Enquanto o autor dava entrevistas a jornais e programas de TV, sociedades e associações de donas de casa demonstraram impressionante capacidade de mobilização contra os comics. Imediatamente promoveram discussões públicas que tentaram elucidar as mensagens subliminares denunciadas pelo conceituado psiquiatra. Com a pressão da mídia, organizaram boicotes a bancas, supermercados e lojas de conveniência que vendiam comics. Muitas escreveram milhares de cartas para pressionar políticos e autoridades a tomarem alguma atitude contra os editores de comics.
Ao mesmo tempo, os pequenos diários, de alcance restrito, dirigidos à família americana, publicaram exaustivamente, durante todo o primeiro semestre de 1954, vários artigos sobre o problema. A cruzada, enfim, estabeleceu-se em praça pública. Os jornais americanos passaram a publicar fotos de manifestações de mães que transformaram em rotina a queima de milhões de revistas em quadrinhos em fogueiras pelas ruas, praças, pátios de escolas e fundos de quintal.
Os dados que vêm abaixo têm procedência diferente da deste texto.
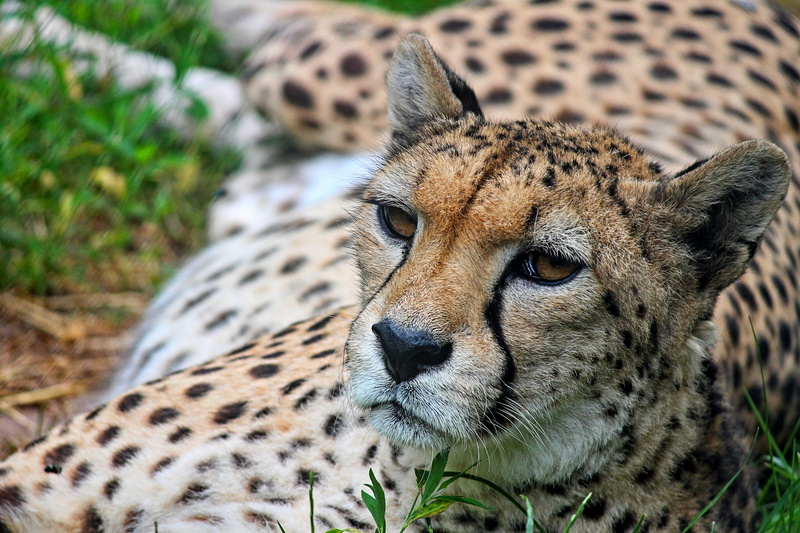 no people, fur, wild, animal head, speed record, animal themes, predator, big cat, animal, undomesticated cat, animal wildlife, one animal, concerns, head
A destruição dos gibis pelo fogo quase sempre era assistida por uma plateia atônita, formada por crianças e adolescentes obrigados pelos pais a acompanharem a destruição de suas coleções como forma de aprenderem a “lição”.
Por fim, o Congresso americano decidiu adotar uma postura mais rígida sobre o assunto. Na verdade, o livro de Wertham reacendeu uma discussão que havia feito algum barulho até o ano anterior, 1953. Desde 1950, os senadores estavam de olhos nos editores de quadrinhos por causa de seus artigos. Chegaram a criar uma subcomissão para investigar o aumento da delinqüência juvenil nos EUA e falou-se em averiguar se o fenômeno tinha algo a ver com o consumo de quadrinhos. Sem resultados práticos, a subcomissão foi deixada de lado até ser reativada em 1o de junho de 1953. Quando o livro de Wertham saiu, a averiguação avançara pouco. Com a pressão provocada pelas denúncias do psiquiatra, os senadores se viram obrigados a acelerar o processo, além de agir com mais rigor, colocando os comics à frente do problema.
“Sementes da Violência” chega a citar os quadrinhos positivamente, como um meio interessante de atrair o interesse dos adolescentes para a educação escolar. O filme não envelheceu. Apesar do tom de cartilha em alguns momentos, como no longo alerta feito no início por um narrador sobre os males que afetavam os jovens, a história continua vigorosa. Quem rouba a cena é Sidney Poitier, que faz um líder rebelde que acaba por se redimir – no filme, ele tem convincentes 17 anos, na vida real, 28. Doze anos depois, ele faria um filme semelhante, uma espécie de continuação, “Ao Mestre com Carinho”, em que interpreta um professor – dessa vez, numa história mais doce e redentora num subúrbio pobre de Londres.